Smooth normal calculation Update! #941

devshgraphicsprogramming · 2025-10-21T06:20:18Z

Description

Testing

TODO list:

…eldVertices into CVertexWelder

include/nbl/builtin/hlsl/shapes/triangle.hlsl

include/nbl/core/algorithm/radix_sort.h

include/nbl/asset/utils/CVertexHashGrid.h

include/nbl/asset/utils/CPolygonGeometryManipulator.h

include/nbl/core/algorithm/radix_sort.h

include/nbl/asset/utils/CVertexHashGrid.h

devshgraphicsprogramming · 2025-10-25T16:17:18Z

include/nbl/asset/utils/CVertexHashGrid.h

+		hlsl::float32_t3 cellfloatcoord = floor(vertex.getPosition() / m_cellSize - hlsl::float32_t3(0.5));
+		hlsl::uint32_t3 baseCoord = hlsl::uint32_t3(static_cast<uint32_t>(cellfloatcoord.x), static_cast<uint32_t>(cellfloatcoord.y), static_cast<uint32_t>(cellfloatcoord.z));


you might wanna summarize in comments and an ASCII diagram the logic I had to explain on discord

i meant the justification for the 0.5, so far you only have the floor

include/nbl/asset/utils/CVertexWelder.h

devshgraphicsprogramming · 2025-10-27T17:30:22Z

include/nbl/asset/utils/CVertexWelder.h

+public:
+  using WeldPredicateFn = std::function<bool(const ICPUPolygonGeometry* geom, uint64_t idx1, uint64_t idx2)>;
+
+  template <typename AccelStructureT>


there should be some concept you require here

devshgraphicsprogramming · 2025-10-27T17:35:13Z

include/nbl/asset/utils/CVertexWelder.h

+    for (uint64_t vertexData_i = 0u; vertexData_i < as.getVertexCount(); vertexData_i++)
+    {
+      const auto& vertexData = as.vertices()[vertexData_i];
+      vertexIndexToAsIndex[vertexData.index] = vertexData.index;


but this is the same as initializing your vertexIndexToAsIndex to IOTA !? but with gaps (you get 0 wherever there's no such index value in the acceleration structure)

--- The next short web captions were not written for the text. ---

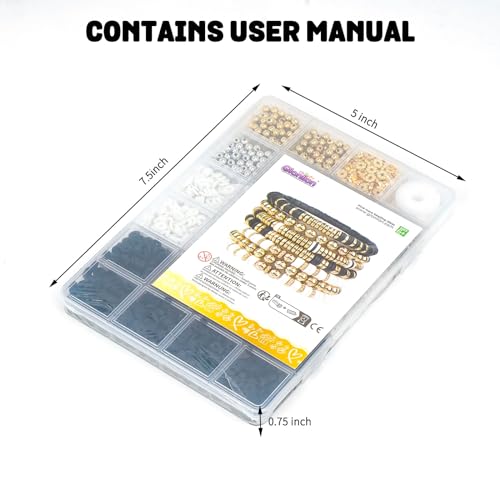 Gionlion 3000 Pcs Clay Beads for Bracelets, Bracelet Making kit Golden Beads for Jewelry Making, Charms Bracelet Kit DIY Arts and Crafts Birthday Gifts Toys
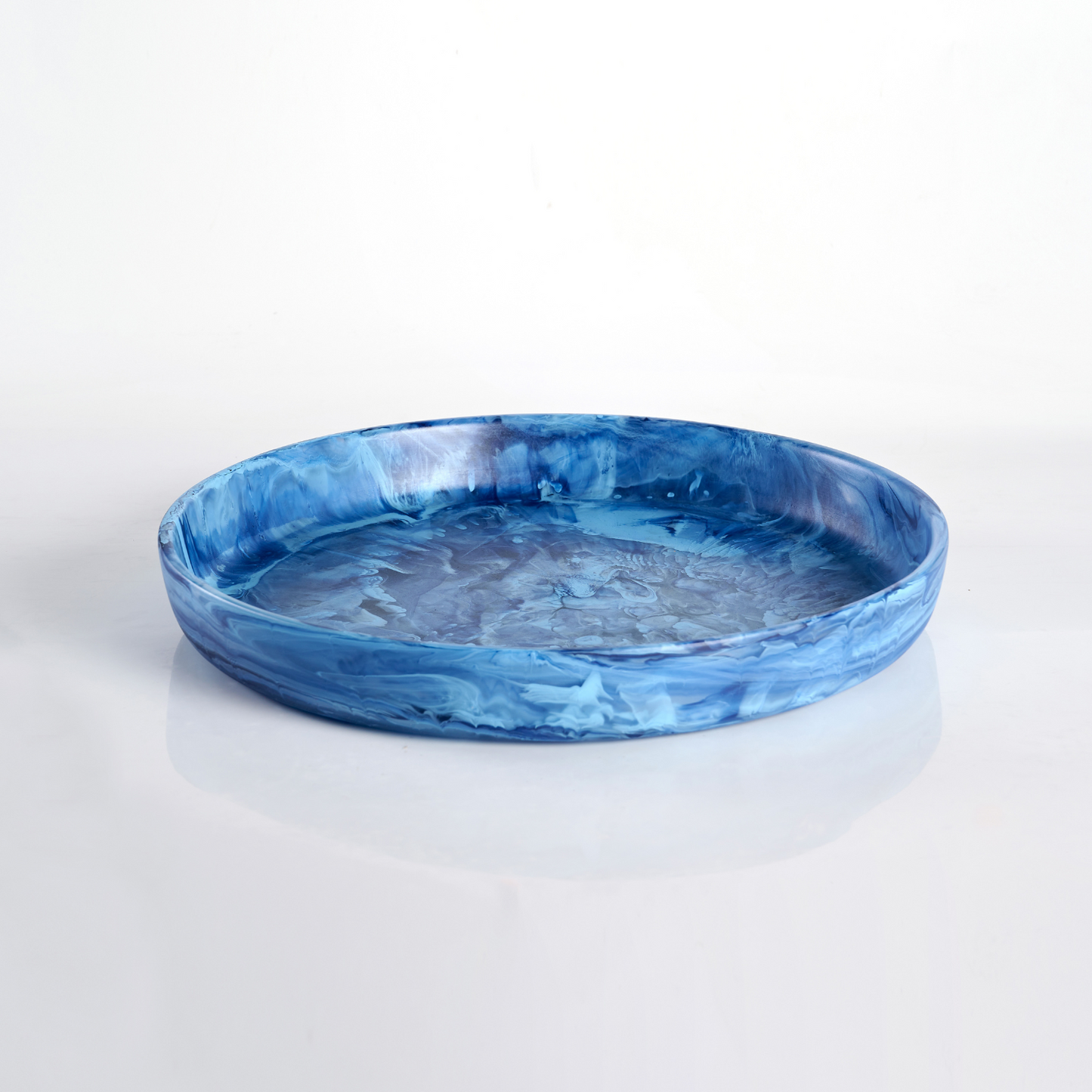 Round Platter Medium-Denim Swirl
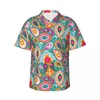 Heren casual shirts Hawaii shirt strand retro geometrisch jaren 60 70 blouses kunst trendy man korte mouwen Y2K grappige kleding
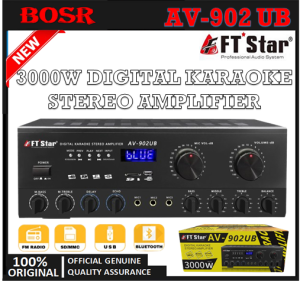 【BOSR】AV-902UB Digital Karaoke Stereo Amplifier Max Power 3000w 3 Mic Input BT/FM/USB/Slot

it should be vertexIndexToAsIndex[vertexData.index] = vertexData_i.

devshgraphicsprogramming · 2025-10-27T17:37:48Z

include/nbl/asset/utils/CVertexWelder.h

+    // iterate by index, so that we always use the smallest index when multiple vertexes can be welded together
+    for (uint64_t index = 0; index < as.getVertexCount(); index++)
+    {
+      const auto asIndex = vertexIndexToAsIndex[index];


why have that whole vector when you can just as.vertices()[index].index or even better for (const auto& asVertRef : as.vertices()) and const auto asIndex = asVertRef.index;

also the asIndex you get right now will be same as index due to how you initialized

this needs a different construction https://github.com/Devsh-Graphics-Programming/Nabla/pull/941/files?diff=unified&w=1#r2466545963

Grab the vertices 1 by 1

decode the position view for the vertex

make an overload of iterateBroadphaseCandidates takes a position and not a whole vertex data (because you only use the position from the vertex data and re-hash anyway - you only use the vertex data to make sure you don't tap yourself which is fine here - or the if (&vertex != &neighborVertex) check should be moved out into the iterations lambdas themselves? )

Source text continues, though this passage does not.